> [Task]: Write out the data again exactly, skipping every picture.

> [Supplied data]:
● ● ● ●
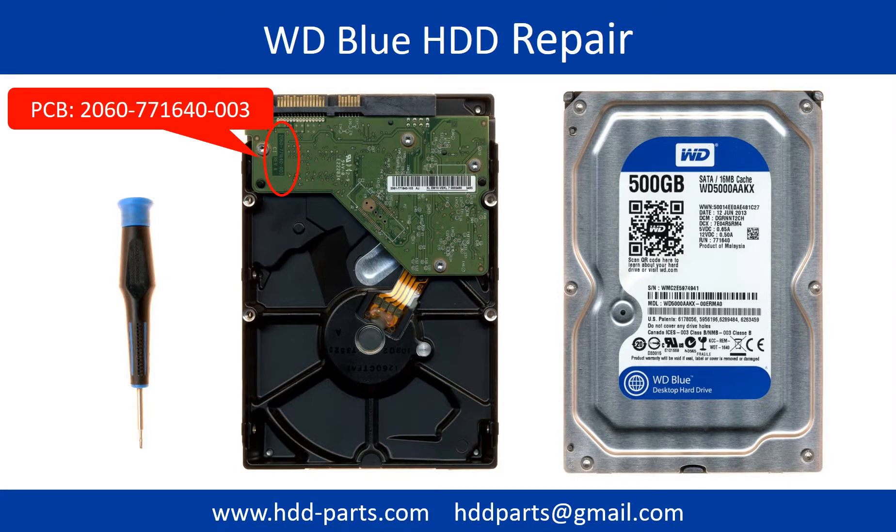Hello there. In this video, we are going to talk about WD Blue 3.5 inches SATA hard drive PCB board repair and disk data recovery. The PCB board number is 206077164003.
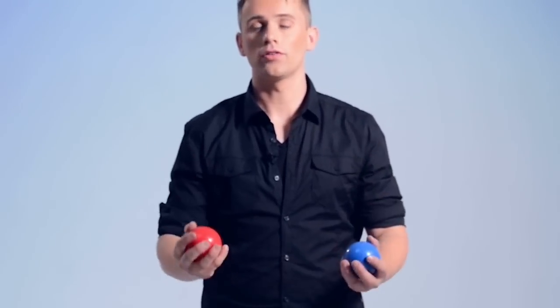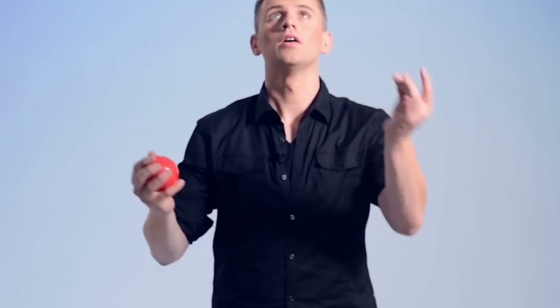We're going to start with two balls. You wait until the very last moment, and then you throw the other ball underneath. For the next step we're going to do the opposite, so we throw it together and you wait.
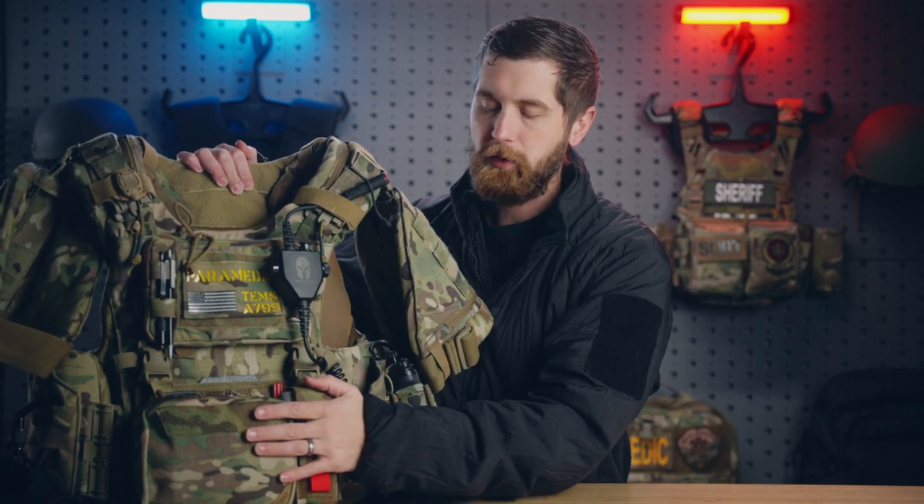Hey guys, my name's Sam and welcome to Pragmatic. This week's video, we're going through my updated 2023 Thames vest.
● ● ● ●
> [Output for this exercise]:
Hello there. In this video, we are going to talk about WD Blue 3.5 inches SATA hard drive PCB board repair and disk data recovery. The PCB board number is 206077164003.
We're going to start with two balls. You wait until the very last moment, and then you throw the other ball underneath. For the next step we're going to do the opposite, so we throw it together and you wait.
Hey guys, my name's Sam and welcome to Pragmatic. This week's video, we're going through my updated 2023 Thames vest.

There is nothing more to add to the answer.